セルフパブリッシング作家が100名集まって、自著のイチオシを紹介する。そういう本なのだ。無料で読める。
つまりは、目録である。
よく書店とかに置いてある「新潮文庫の100冊」とか、そういうのをイメージしてくれればいい。ちなみに私もお声かけを頂き、一冊本を紹介させていただいた(Amazonの内容紹介が掲載されているだけだが)。
そもそも私は「物書き」であり「ハイブリッド・オーサー」なので実用書も文芸書も(というかライトノベルも)書くのだが、よくよく思い出してみるとセルフパブリッシングで文芸と呼べるのは『Category Allegory』と『書籍の解体とフラグメント・コンテンツ、氾濫するアメーバ・センテンスや、クリエイターのアイデンティティーと過ぎ去りし書店員の憂鬱、およびキュレーションの価値とホット化したメディアについての詩』の二作しかない。
というわけで、この本の発売までに何か文芸ものの新刊を一冊上梓して、それを自薦しようかと思ったのだが、どう計画を立てても間に合いそうにないので、『Category Allegory』を選択した。個人的にはけっこう好きなショートショート集である。
本書は作品の目録であると共に、セルフパブリッシング作家のカタログでもある。ほんとにまあ、結構たくさんいらっしゃるのだ。そして、これはまだ一部でしかない。さらに今後もゾクゾクと増えていくだろう。セルフパブリッシングはそういう世界だ。そして、私が思うところによると、圧倒的に露出が足りていない。
『もの書く人々』のときにも書いたが、既存のメディアがインタビューしてくれたり、小冊子を作ってくれたりしないわけだから、それらも含めて自分でやるのがセルフ「パブリッシング」である。紙の本だって、何人もの大人が汗水垂らして動き回って、売上げを作っているのだ。

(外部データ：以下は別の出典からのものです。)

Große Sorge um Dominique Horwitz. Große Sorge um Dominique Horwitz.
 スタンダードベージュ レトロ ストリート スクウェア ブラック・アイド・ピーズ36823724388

それと同じ規模のことをする必要はないが、少なくとも売りたいのであれば、やれることをやった方が良いことは間違いない。
ちなみに本書には、3つの対談がおまけとしてついてくる。
- 対談X① 堀田純司×波野發作
- 対談X② 刈草亜美×伊藤なむあひ
- 対談X③ 高橋文樹×山田佳江
これらの作家に興味を持ちならお得感アップである。まあ、もともと無料なのだが。